I was in kindergarten when it happened and I have no contemporary memories of the event, the mood of division alive then, or the cultural aftermath. At least fifteen books have interpreted it. I’ve seen it variously described as the day the war in Vietnam came home to the US, the day the 60s died, and the beginning of the glidepath into Watergate and Nixon’s essential ignominy.
Neil Young saw the epochal photos in Life Magazine, and according to band-mate Graham Nash, walked into the woods with his guitar and returned in an hour with the song, “Ohio”.
What if you knew her and found her dead on the ground?
A memorial of sorts must have bubbled up in my early-morning procrastination routine and I reeled into the Youtube performance and from there into the archival photos and commentary on Kent State University’s website. Wary of uncritical internet consumption, I thought at least the official university source would be reliable for a little historical self-education. But truthfully, a simple Google search brings the same photos to one’s desktop from all corners. Photos that command one’s attention from across decades, autonomous truths despite complicated and murky backstories.
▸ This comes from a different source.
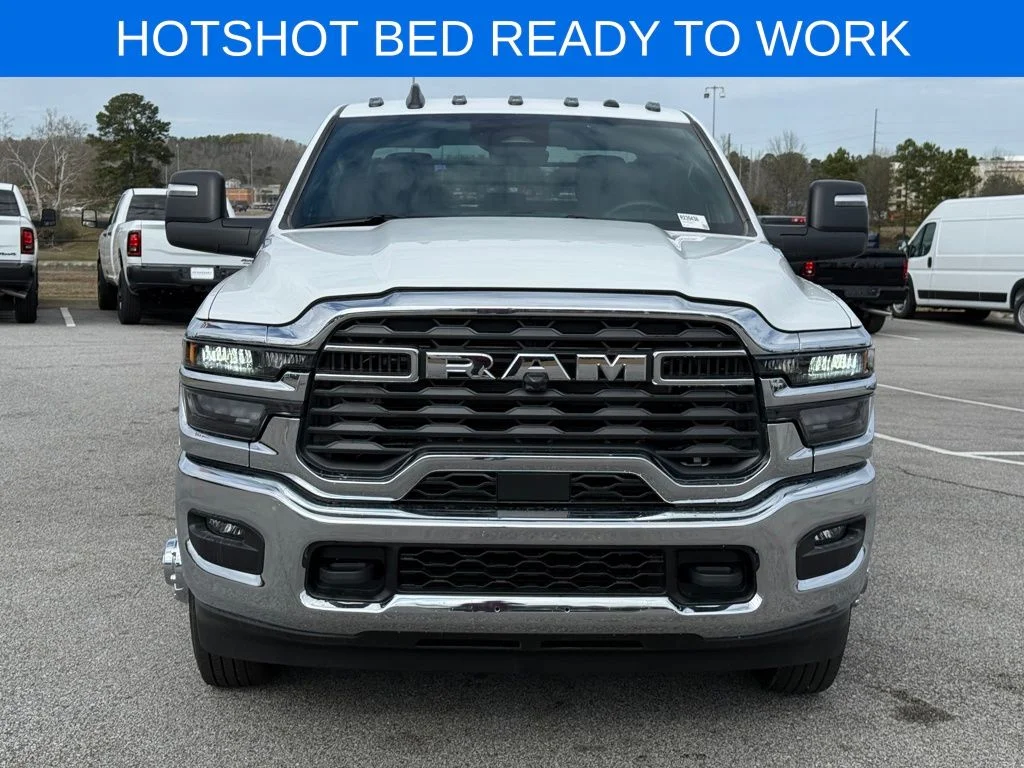 New 2026 Bright White Clearcoat RAM Tradesman image 8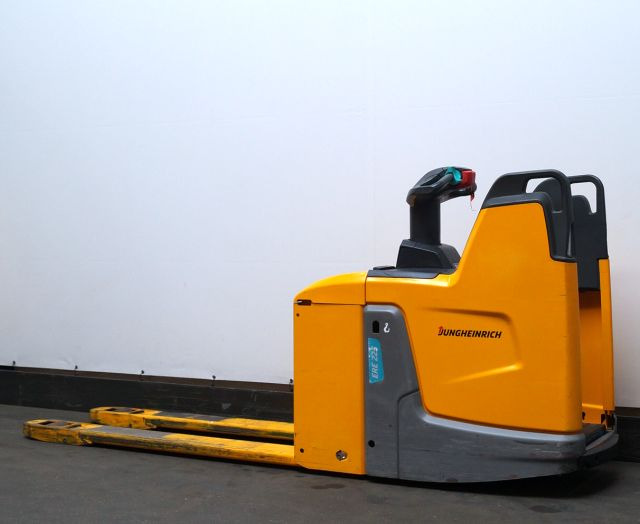 Jungheinrich ERE225 - 팔레트 트럭 : 사진 2 Jungheinrich ERE225 - 팔레트 트럭 : 사진 2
The photos show a Midwest spring. Oaks are early enough in their greening that they look bare in black and white. Other broadleaf trees are spare with the fuzz of pale young leaves and flowers. The dissonance of soldiers and guns. The students, fashionable for the time, are some in jackets and others in t-shirts and short sleeves, collectively living the Midwesterner’s daily spring quandary – to dress for the cool morning or the warm afternoon. And that sunlight. Harsh and bright. The trailing shadows, precise and dark. Light shining off the tear gas and smoke occluding the university buildings. May 4, 1970, was blue-sky cold that morning. You can tell.
I shut my office door to sit with the arresting familiarity. The University in May is the happiest place in the world, abuzz with soon-to-be and hopeful graduates taking their photos against iconic backdrops, soft grass, the flowers. The smell of a newly warm afternoon. I could walk out my door right now, into the sun, among it all. There but by the grace of God, it could’ve been my campus, my students (possessive pronoun chosen deliberately).
A few days earlier, a Texas family was shot over a baby trying to sleep.
And then a mall in Allen Texas, and then a bus stop in Brownsville. Horrific photos circulating on the internet. And the anger and weariness, and sadness. And the division. And the cynicism.
Earlier today, Steve Inskeep (on NPR’s Morning Edition) hosted a blandly nice discussion of what to do if you find yourself in a mass shooting.
Some naive part of me wants to believe that some one of these events will so shock the conscience that we’ll look back on it as a historic turning point. Not even so much for specific policy (although that would be welcome), but for simple introspection to spark imagination for what loving one’s neighbor means in practice. I wanted it for Sandy Hook, for Uvalde, for January 6, for the Pulse Nightclub, for other events that are known widely by a short-hand phrase. I expected it would be easier when depravity and misery coalesce around a discrete point in time.
But what when violence is slow-moving and cumulative and the people are a world away? Pakistan suffered catastrophic flooding last year, killing 1700 people and affecting millions – an ongoing humanitarian disaster. One hundred and thirty people died from flooding and landslides in Rwanda last week. Both events were linked to the climate crisis. Did news of it even emerge before the news cycle rolled on?
I understand the impulse to walk off into the woods. Is it too late to emerge with bracing clarity – to wrench meaning from chaos? The lyrics to “Ohio” are ten-lines spare but Neil asks twice: “How can you run when you know?”
It’s haunting me this week, and challenging my faith.
“How can you run when you know?” is a fabulous line.
I’ll offer another one, “Where your treasure is there will your heart be also.”
Thank your for this heartbreaking piece this morning. Keep coming out of the woods … a fine call to action.
Thank you, Tim. Your empathy arrived here. Time after time I feel myself reading your work on two uncommon levels: one through your writing’s transparency that allows the subject and its impact to become alive; two, your writing itself: its musicality and subtlety of tonal shifts and seamless timing of shifts.
Kent State never left me. It has been why I try.
And your last three words are for me the most important words read in all my time with The Journal.
Thank you–and ohhhh yes, students in May bring living alive.
Excellent, and keep it up, the hard writing. I have come to depend on you.